Infine, la lettura che Emilio propone della stagione delle stragi. A me pare, per quanto fin qui mi è dato di capire, che l’uccisione di Giovanni Falcone, di Francesca Morvillo e degli uomini della scorta sia ormai pervenuta a un livello sostanziale di chiarimento giudiziario e storico. Non altrettanto la strage del 19 luglio 1992. Nei 57 giorni che intercorrono tra il 23 maggio e la bomba che uccise Borsellino e la sua scorta, il paese corre il rischio del tracollo politico ed istituzionale. Già qualche mese prima, il 17 febbraio, con l'arresto di Mario Chiesa era cominciata a precipitare la slavina di Tangentopoli. Tuttavia, in occasione delle elezioni politiche del 5 e 6 aprile il sistema politico sembrava ancora saldo: la Dc al 29,66%, il Psi al 13,62%, la somma del Pds e di Rifondazione si attesta a quasi il 22%. Un anno dopo quei partiti, con l’eccezione del soggetto politico fondato da Achille Occhetto e di quello nato dalla scissione seguita alla Bolognina, non esisteranno più. L’elezione del presidente della Repubblica vide consumarsi la sconfitta finale di Giulio Andreotti. Il 31 luglio Bruno Trentin si assunse coraggiosamente la responsabilità di firmare un accordo sul quale nutriva più di un dubbio e subito dopo si dimise da segretario generale della Cgil. Il successivo 16 settembre l’Italia sarebbe uscita dal Sistema monetario europeo perché la lira stava precipitando. Insomma, si avvertivano sinistri scricchiolii che facevano temere il collasso del sistema-paese. In questo quadro di sfascio si colloca la strage di via D’Amelio. Il peggior depistaggio della storia della Repubblica, che ha compromesso le indagini, ha reso assai difficile far pienamente luce su quanto avvenne e sui rapporti tra la strage di luglio e quelle del 1993 a Roma e Firenze.

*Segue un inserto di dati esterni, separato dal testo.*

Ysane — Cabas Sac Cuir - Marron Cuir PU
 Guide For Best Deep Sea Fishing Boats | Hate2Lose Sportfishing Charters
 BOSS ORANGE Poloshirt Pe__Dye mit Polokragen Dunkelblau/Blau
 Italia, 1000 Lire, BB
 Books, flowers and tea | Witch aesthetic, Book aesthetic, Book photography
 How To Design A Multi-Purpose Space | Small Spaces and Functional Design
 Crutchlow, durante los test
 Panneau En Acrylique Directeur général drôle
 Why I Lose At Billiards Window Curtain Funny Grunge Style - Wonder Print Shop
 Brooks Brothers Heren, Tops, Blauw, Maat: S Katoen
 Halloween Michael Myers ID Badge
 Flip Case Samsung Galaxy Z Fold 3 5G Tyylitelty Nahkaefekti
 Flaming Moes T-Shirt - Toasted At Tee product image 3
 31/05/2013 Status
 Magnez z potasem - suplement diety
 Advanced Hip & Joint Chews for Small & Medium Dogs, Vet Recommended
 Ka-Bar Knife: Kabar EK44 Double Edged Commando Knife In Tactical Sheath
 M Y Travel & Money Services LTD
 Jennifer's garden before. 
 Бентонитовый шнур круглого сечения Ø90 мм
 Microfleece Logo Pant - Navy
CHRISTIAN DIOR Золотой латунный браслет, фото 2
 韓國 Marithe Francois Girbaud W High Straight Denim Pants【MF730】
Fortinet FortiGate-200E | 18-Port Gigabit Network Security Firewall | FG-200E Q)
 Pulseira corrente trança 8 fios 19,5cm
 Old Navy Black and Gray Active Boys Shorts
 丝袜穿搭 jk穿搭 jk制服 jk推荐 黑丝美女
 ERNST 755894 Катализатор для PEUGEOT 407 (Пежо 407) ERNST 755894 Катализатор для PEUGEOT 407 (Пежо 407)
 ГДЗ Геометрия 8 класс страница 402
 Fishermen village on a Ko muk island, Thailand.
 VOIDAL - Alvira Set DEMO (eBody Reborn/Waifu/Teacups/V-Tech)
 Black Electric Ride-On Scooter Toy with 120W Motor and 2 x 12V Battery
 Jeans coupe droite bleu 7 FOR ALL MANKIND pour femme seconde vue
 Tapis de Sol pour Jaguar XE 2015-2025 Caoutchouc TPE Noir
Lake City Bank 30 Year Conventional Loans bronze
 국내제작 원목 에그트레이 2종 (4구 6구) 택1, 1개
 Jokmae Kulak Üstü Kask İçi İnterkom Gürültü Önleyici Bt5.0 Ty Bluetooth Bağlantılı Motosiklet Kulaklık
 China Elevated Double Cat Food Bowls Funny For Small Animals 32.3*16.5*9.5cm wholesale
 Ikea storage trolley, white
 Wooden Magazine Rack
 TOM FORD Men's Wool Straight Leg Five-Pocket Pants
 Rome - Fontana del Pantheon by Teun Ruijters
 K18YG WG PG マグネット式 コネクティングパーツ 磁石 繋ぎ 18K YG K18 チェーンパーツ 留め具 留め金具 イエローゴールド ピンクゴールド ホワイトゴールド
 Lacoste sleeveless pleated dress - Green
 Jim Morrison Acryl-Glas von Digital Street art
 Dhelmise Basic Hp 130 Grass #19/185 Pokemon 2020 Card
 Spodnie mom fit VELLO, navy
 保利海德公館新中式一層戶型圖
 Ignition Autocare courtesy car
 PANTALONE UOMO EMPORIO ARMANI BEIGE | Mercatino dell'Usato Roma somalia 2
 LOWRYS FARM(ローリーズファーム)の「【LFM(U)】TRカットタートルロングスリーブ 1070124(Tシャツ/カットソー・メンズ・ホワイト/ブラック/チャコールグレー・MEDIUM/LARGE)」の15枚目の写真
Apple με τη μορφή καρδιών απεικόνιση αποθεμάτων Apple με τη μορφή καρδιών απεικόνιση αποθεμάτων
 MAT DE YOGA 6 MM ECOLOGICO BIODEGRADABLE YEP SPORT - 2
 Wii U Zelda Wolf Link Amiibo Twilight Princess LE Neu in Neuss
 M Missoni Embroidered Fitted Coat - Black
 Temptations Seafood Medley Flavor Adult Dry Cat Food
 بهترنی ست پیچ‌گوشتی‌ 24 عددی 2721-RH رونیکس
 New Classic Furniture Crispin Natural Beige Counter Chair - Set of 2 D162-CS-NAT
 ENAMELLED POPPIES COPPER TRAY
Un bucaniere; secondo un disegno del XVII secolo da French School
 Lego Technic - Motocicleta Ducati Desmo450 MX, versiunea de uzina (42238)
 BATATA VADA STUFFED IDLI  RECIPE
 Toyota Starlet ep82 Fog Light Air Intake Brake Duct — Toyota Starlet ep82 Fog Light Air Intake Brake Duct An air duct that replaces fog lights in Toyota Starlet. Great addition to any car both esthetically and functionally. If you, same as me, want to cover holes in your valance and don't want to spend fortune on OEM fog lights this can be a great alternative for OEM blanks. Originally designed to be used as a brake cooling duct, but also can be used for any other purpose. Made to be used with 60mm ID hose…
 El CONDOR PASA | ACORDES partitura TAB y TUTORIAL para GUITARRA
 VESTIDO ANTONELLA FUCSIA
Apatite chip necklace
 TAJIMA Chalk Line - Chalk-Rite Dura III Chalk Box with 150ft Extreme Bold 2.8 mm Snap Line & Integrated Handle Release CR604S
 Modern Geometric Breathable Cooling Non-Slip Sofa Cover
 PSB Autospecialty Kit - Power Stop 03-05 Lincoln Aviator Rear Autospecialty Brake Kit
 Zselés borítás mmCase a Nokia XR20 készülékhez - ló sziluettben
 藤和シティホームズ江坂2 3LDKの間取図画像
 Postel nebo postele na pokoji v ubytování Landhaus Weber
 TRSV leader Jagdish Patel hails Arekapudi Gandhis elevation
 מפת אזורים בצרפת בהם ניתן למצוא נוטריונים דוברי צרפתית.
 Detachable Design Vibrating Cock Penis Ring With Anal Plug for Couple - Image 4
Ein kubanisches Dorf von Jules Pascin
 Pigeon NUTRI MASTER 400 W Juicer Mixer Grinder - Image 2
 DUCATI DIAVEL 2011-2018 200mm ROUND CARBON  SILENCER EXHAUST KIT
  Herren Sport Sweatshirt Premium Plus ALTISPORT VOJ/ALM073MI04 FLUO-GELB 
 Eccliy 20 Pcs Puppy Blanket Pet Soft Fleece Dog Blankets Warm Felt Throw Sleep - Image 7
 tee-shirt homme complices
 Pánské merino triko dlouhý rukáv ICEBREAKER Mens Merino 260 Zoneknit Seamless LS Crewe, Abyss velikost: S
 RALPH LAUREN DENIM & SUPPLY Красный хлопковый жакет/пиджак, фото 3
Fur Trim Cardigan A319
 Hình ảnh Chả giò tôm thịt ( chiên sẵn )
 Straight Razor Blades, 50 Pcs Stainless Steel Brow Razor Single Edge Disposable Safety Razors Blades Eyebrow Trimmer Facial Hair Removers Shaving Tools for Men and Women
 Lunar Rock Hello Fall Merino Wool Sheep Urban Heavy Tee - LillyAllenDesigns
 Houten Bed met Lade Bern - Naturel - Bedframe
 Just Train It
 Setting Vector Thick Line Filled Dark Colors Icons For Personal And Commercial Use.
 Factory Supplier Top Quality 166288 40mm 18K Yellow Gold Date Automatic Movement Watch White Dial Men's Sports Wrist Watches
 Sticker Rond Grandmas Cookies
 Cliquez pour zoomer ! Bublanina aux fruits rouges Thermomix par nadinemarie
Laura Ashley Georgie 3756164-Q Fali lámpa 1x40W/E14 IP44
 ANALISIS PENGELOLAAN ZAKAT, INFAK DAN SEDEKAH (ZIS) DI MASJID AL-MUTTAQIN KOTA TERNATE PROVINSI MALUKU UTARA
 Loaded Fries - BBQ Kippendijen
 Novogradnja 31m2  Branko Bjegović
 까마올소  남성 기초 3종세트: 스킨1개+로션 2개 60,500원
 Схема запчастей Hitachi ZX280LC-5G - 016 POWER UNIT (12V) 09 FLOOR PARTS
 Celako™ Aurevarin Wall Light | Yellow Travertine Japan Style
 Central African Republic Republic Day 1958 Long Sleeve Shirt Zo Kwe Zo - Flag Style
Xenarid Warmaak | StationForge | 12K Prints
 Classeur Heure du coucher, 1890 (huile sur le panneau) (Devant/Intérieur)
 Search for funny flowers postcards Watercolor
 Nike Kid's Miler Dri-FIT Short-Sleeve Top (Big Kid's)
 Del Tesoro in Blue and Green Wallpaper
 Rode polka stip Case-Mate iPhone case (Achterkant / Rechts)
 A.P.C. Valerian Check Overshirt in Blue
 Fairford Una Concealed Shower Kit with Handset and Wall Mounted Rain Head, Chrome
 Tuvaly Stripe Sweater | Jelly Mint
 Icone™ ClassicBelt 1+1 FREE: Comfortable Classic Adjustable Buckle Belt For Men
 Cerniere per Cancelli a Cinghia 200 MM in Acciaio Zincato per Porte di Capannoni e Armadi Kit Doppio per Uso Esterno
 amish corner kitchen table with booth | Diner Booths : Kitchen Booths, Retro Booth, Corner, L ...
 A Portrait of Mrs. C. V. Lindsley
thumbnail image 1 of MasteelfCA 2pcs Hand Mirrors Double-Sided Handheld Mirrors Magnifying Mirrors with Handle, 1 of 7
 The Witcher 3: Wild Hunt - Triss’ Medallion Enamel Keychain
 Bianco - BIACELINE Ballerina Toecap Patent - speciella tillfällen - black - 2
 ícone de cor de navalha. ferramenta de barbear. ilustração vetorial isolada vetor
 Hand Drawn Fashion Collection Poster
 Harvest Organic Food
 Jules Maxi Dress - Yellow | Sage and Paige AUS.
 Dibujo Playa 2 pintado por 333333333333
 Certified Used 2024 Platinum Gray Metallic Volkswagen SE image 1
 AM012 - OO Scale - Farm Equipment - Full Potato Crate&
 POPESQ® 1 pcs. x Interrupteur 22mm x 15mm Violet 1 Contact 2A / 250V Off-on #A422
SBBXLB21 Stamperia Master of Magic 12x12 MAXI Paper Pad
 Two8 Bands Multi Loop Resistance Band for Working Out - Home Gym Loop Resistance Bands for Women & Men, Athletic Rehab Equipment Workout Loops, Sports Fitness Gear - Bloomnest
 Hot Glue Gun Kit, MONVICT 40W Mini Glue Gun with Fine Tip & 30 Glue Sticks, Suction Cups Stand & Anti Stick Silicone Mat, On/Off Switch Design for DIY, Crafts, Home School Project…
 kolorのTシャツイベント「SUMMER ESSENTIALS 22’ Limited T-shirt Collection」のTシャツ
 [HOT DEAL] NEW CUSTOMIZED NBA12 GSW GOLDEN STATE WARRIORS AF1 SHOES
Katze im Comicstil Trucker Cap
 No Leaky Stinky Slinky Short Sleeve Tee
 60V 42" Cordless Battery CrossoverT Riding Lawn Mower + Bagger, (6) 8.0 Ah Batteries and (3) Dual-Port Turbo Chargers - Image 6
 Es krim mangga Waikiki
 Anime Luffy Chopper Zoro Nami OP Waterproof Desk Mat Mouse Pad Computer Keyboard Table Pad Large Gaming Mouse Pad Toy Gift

Non posseggo gli strumenti per affermare quale delle due ipotesi principali che si confrontano e scontrano su quanto avvenne in quei giorni siano più vicine alla verità. Ognuna di esse presenta elementi di credibilità e debolezze interpretative. La mancanza di verità su quei giorni tragici è una ferita ancora aperta della democrazia italiana. È indispensabile far luce: ne va del futuro della nostra democrazia che, di nuovo. sta vivendo giorni difficili.